Meet Lisa Marie, a beautiful, loving 14 year old. Daughter to Renee and Paul Hodes, sister to David and Marissa whom she all adores. She is a happy, funny little girl who loves arts and crafts, music, and using the phone and computer. Typical you would think for a pre-teen, except Lisa has a few limitations to experiencing being a normal kid. Although hilarious to get random phone calls at two in the morning when she steals one of her siblings’ phones, Lisa has no concept of time and thinks nothing of it. It’s been a rough journey since that moment we found out our little Lulubell has Alternating Hemiplegia of Childhood.
Lisa was born at 7 lbs, 14 oz, 19 in long. She was absolutely perfect, developing as any other chubby baby, eating, babbling, and exploring her environment. It wasn’t until at nine months old we realized she was behind as far as crawling and other abilities. She was very slowly progressing when at ten months she went limp in my arms; she could look at me with her eyes, but could not move a single muscle. Right away we rushed her to doctors and spent the next eleven days in the hospital with a feeding tube and in whole body paralysis. Once Lisa recovered, they sent us home and said she’ll be fine, or so they assured us. Eight days later it happened again. It took ten months and hundreds of tests before one of the doctors came up with AHC. Being there was no test to confirm this diagnosis, I began to research it. There was very limited information at the time, but then I read a mom’s point of view on AHC and knew this was what my baby had.
It took ten months and hundreds of tests before one of the doctors came up with AHC.
Lisa continued to have episodes of paralysis on and off. They could last for hours, days, even weeks sometimes affecting only one side of her body, sometimes both. After most episodes Lisa would lose skills she had worked so hard to gain and we would have to start all over. She finally walked independently at the age of three. At age six, Lisa began having different episodes, Dystonia which is the stiffening of her muscles, which is extremely painful for her. Now, we never know what to expect day to day. We never know what will trigger it whether it be the wind, a loud siren, being too hot, too cold, a bath, bright lights, being too tired, too excited or just laughing too much can all trigger an episode.

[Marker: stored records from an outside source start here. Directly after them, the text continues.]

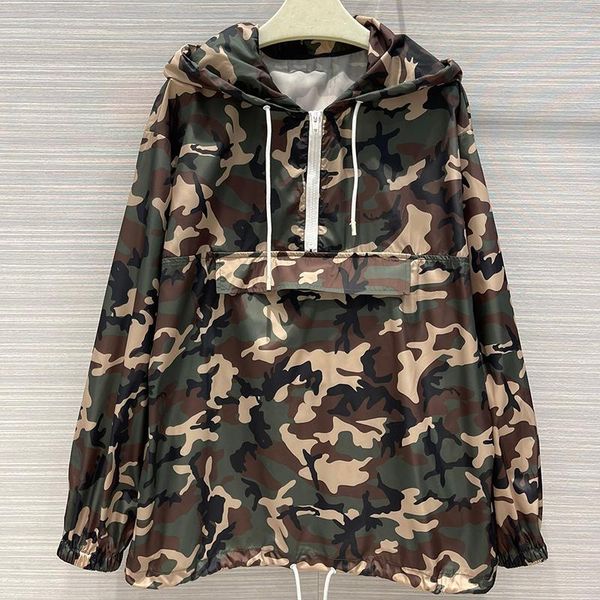 camouflage pullover outdoor half zipper jackets women hooded collar long sleeve drawstring tie pockets coats 2021 women's, Black;brown
camouflage pullover outdoor half zipper jackets women hooded collar long sleeve drawstring tie pockets coats 2021 women's, Black;brown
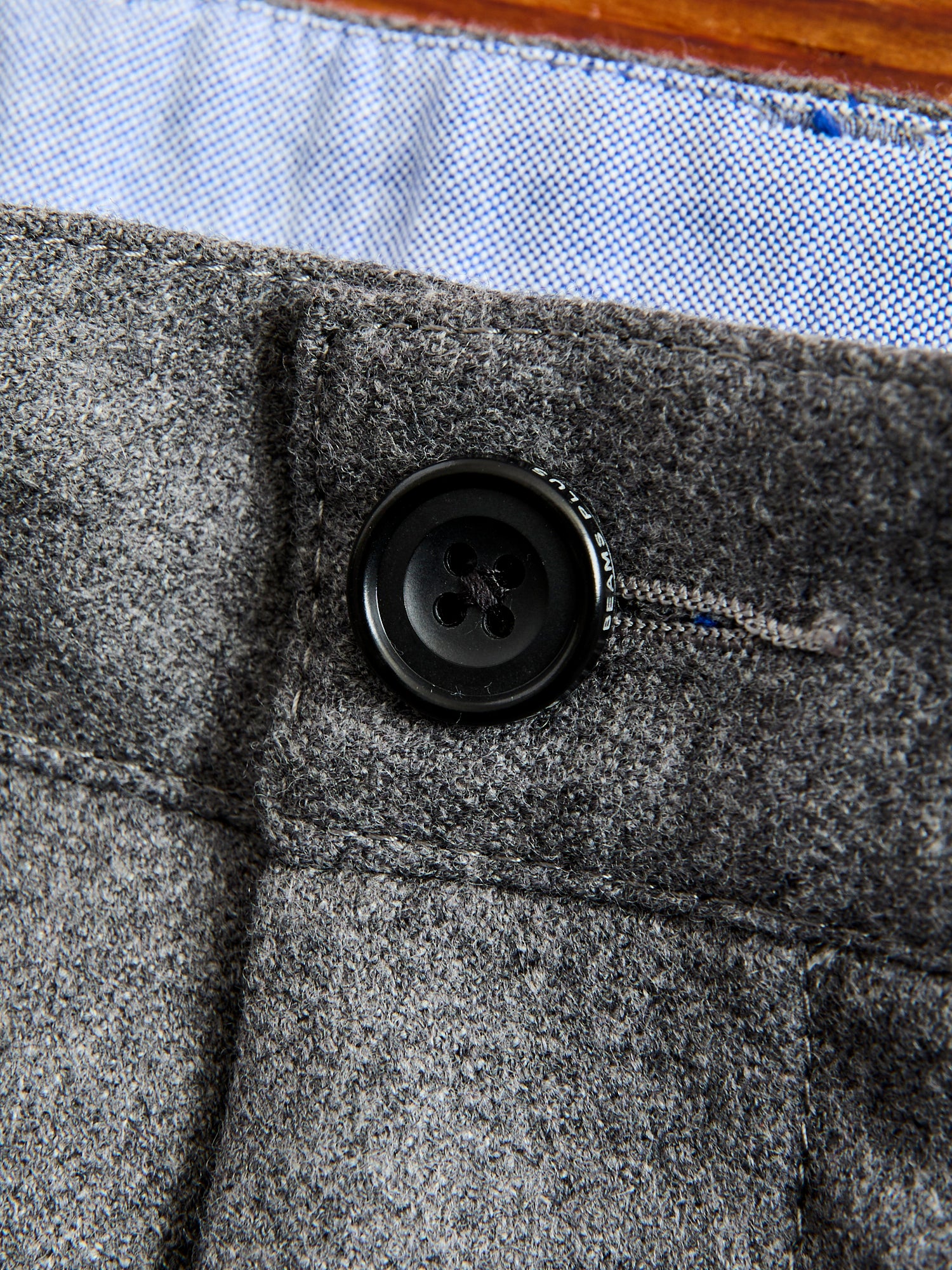 2-Pleat Flannel Trousers in Grey - Image 6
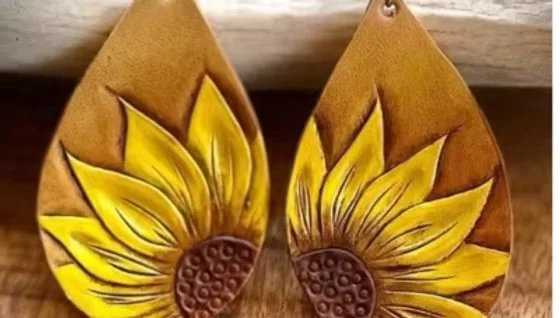 DIY Cave: Leather Tooling: Make a Cuff or Earrings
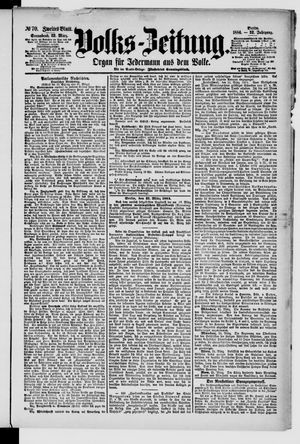 Volks-Zeitung vom 22.03.1884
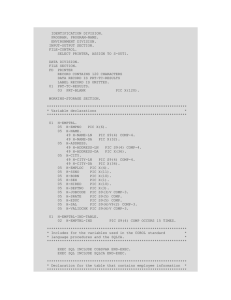 COBOL-DB2-Sample program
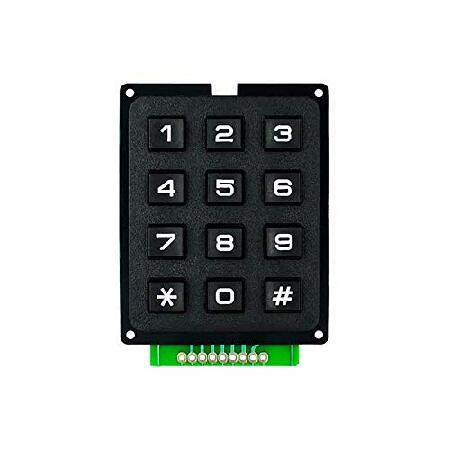 Treedix 3x4 Keypad 12 Buttons Keypad Module Number...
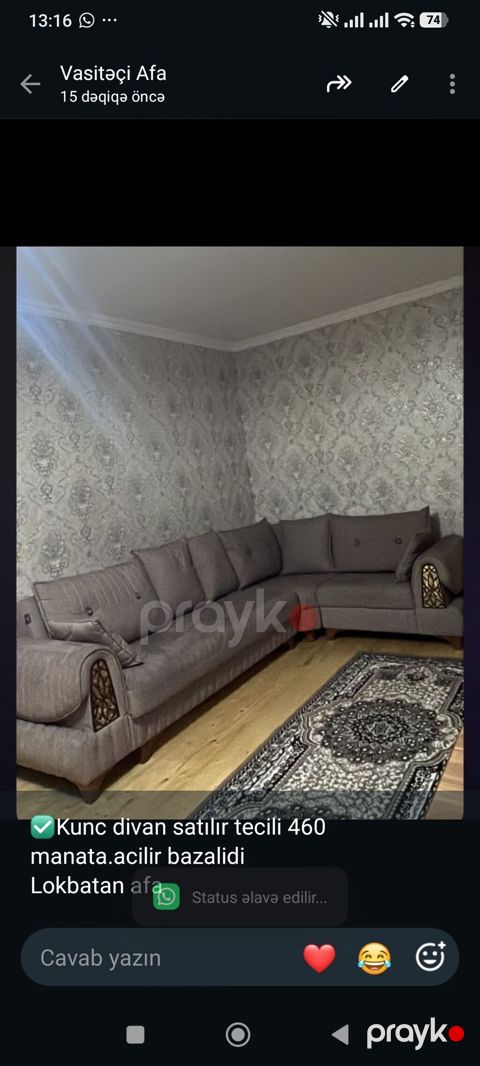 Kunc divan satılır 460 manata.acilir bazalidi Lokbatan afa — Bakı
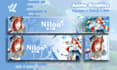 design clean anime themed banner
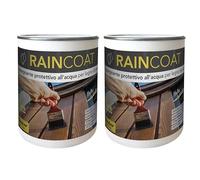 Chimiver RAINCOAT Pigmentato Kit 2 pezzi - Impregnante per legno da esterno. Rinnova, nutre e protegge: ideale per infissi, serramenti, gazebo, mobilio, staccionate e tettoie.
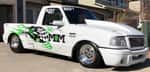 2001 Ford Ranger Drag Truck with 24' Pace Enclosed Trailer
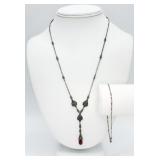Sterling Silver Necklace & Bracelet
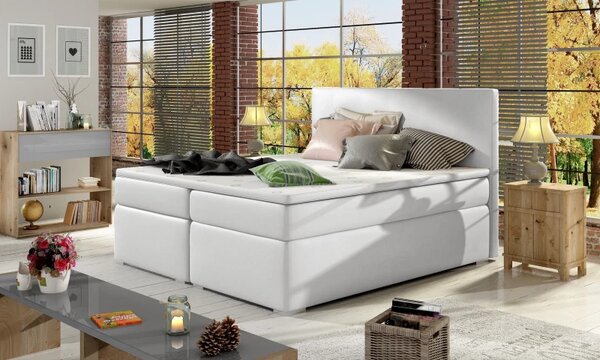 Postel Boxspring Divalia 200x180, fialová (látka - bd 08)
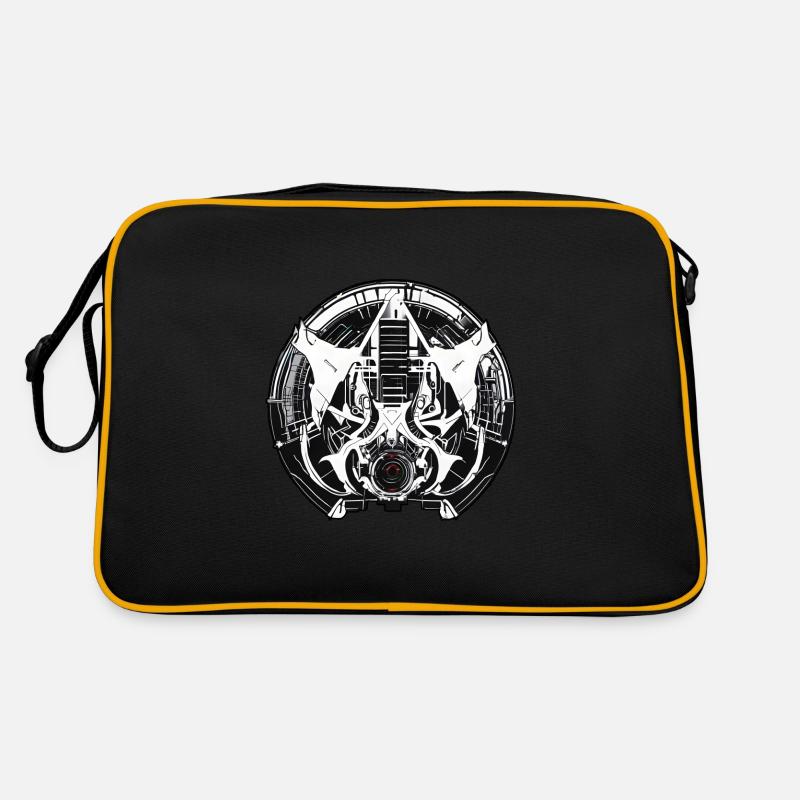 Techno Hardstyle Strahlen Retro Tasche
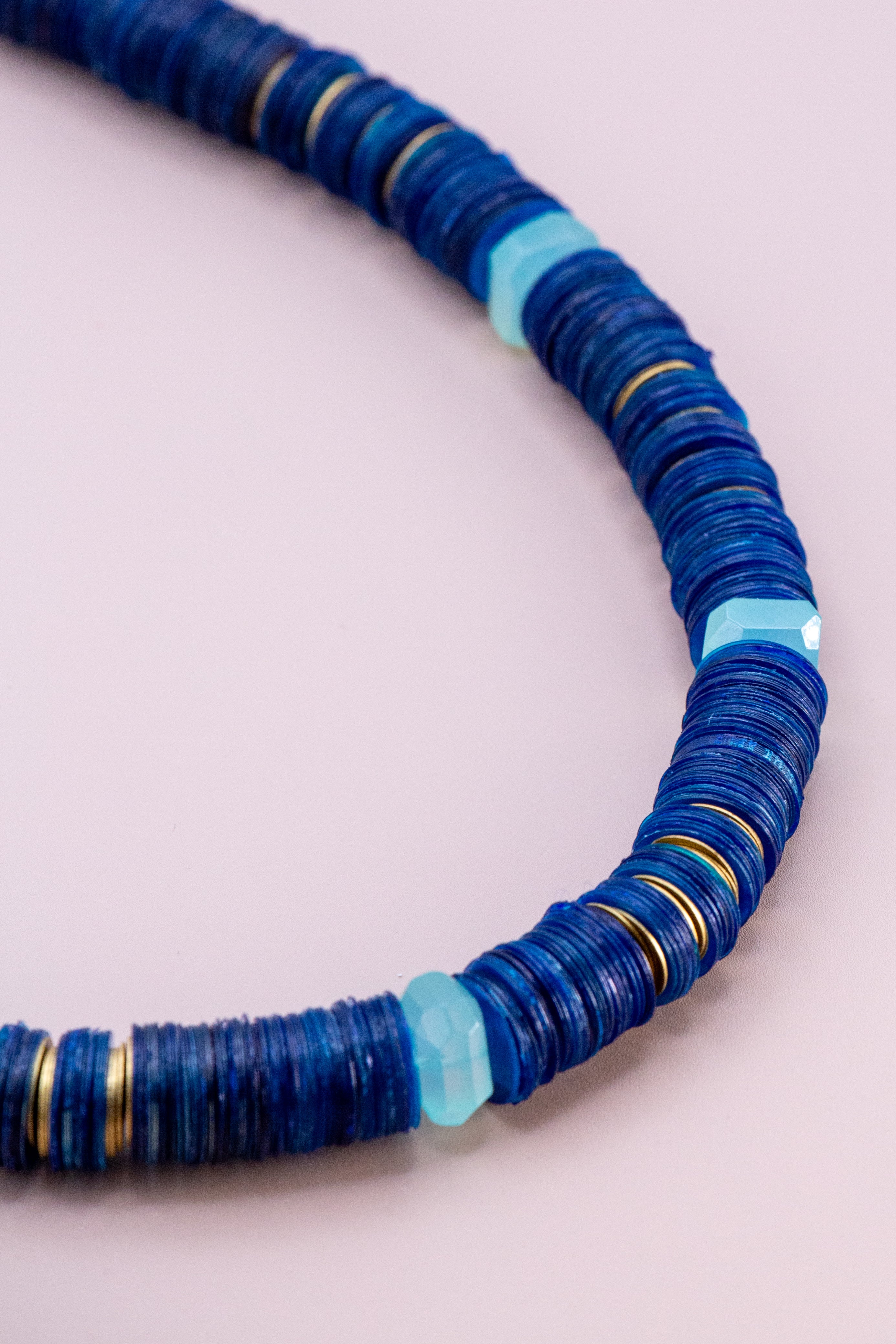 Navy Heishi Necklace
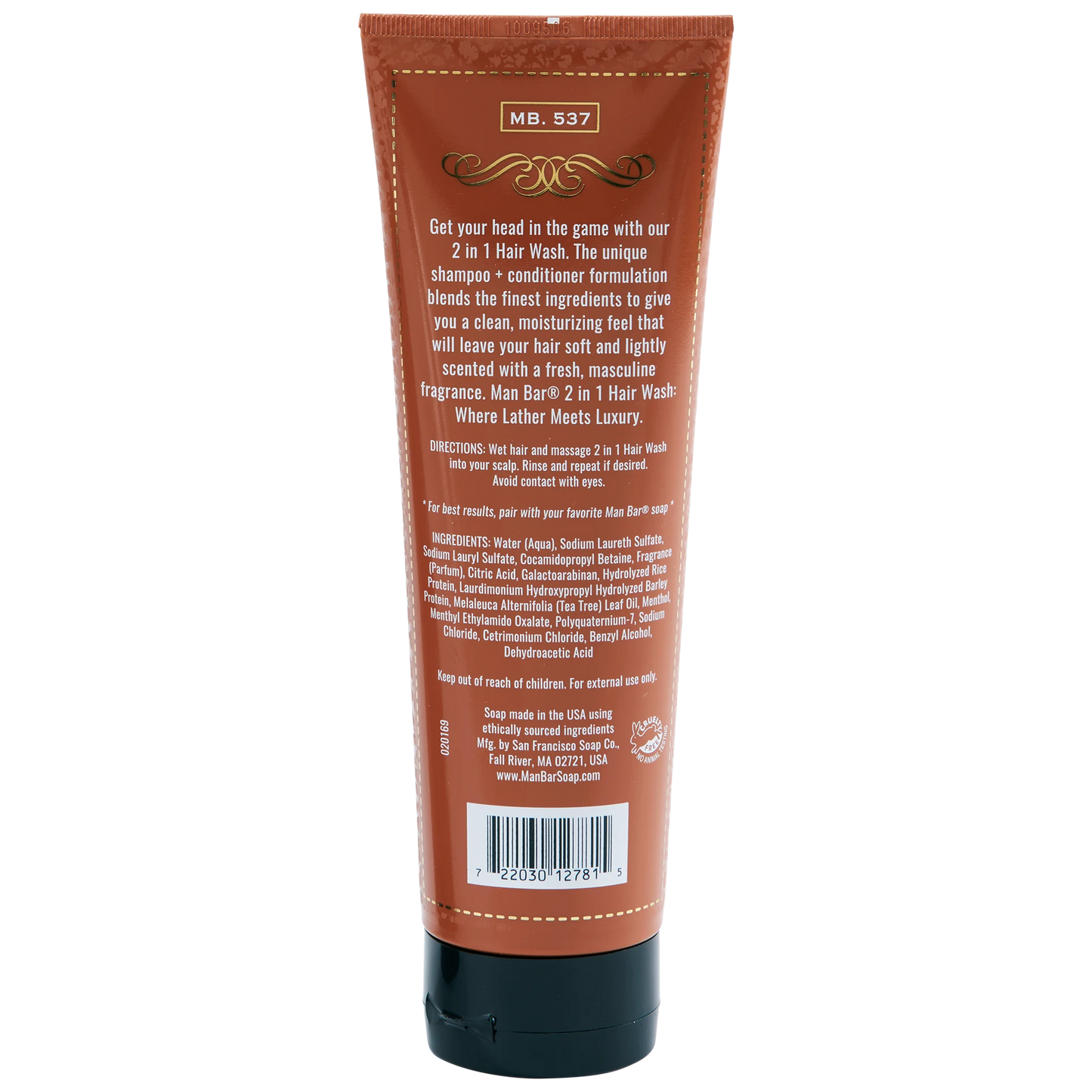 2 in 1 Shampoo Conditioner Spiced Tobacco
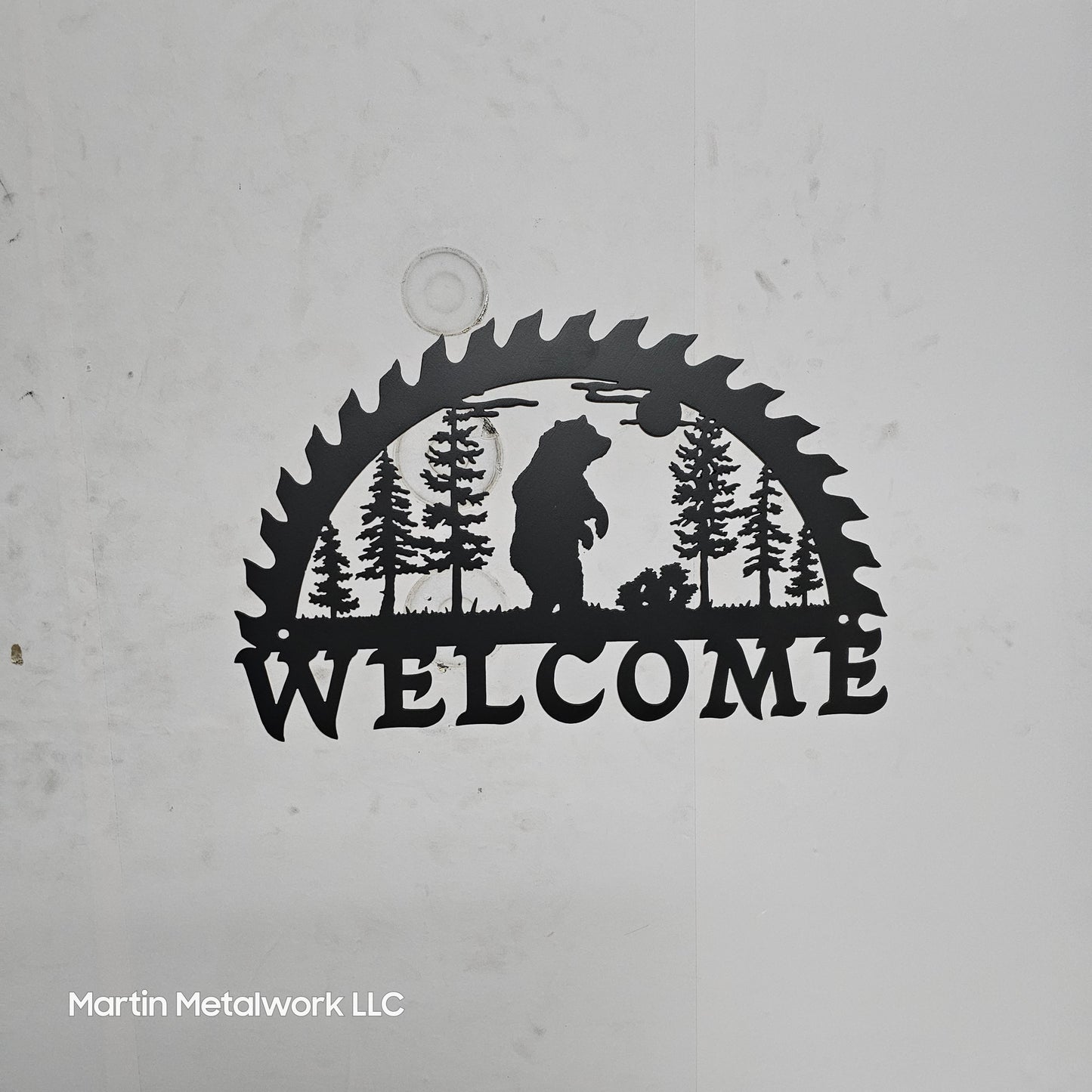 Bears In Saw Blade Sawblade Sign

Lisa has come a long way with the help of her therapists and teachers. On good days she can use a fork, but prefers a spoon as she scoops her food, and she can drink from a cup. She can cut a not-so-straight line with scissors, and when really determined color in the lines. She needs assistance to change her clothes, take a bath, brush her teeth and hair, and use the bathroom when she can. Academically, Lisa has begun to read beginning 2nd grade level, but math concepts escape her. She is in a small special education class where she has a one-on-one aide to assist her with walking and when she has episodes or needs her wheel chair. She also receives speech, physical, occupational, and visual therapy. Lisa loves to go to school and is very caring towards the other children, although she seeks the attention of the adults more as they understand her speech and needs better. Lisa needs to be watched closely as she lacks the ability to make good safe choices. The last 2 years have brought out a lot of behavioral issues that have impacted greatly on her school and home life. Lisa has learned the hard way that in order to make it over the hurdles in life you must have a strong will and be determined to succeed.
Even during an episode, she loves to be with her friends and family and enjoy life as much as to her abilities allow her.
Lisa loves people! Although shy at first, she eventually comes around. She attends a recreation program for special needs kids. On Thursdays she bowls and on Saturdays she goes on trips. They bring her stroller with them in case she gets tired or overexcited and has an episode. Lisa’s most favorite thing to do is go out to eat. She loves food! Sadly, Lisa doesn’t have many play dates as she gets herself so excited that someone is coming to her house she is unable to play as her excitement causes episodes. We are also hesitant to bring her to parties (but we always do) for the same reason. Even during an episode, she loves to be with her friends and family and enjoy life as much as to her abilities allow her.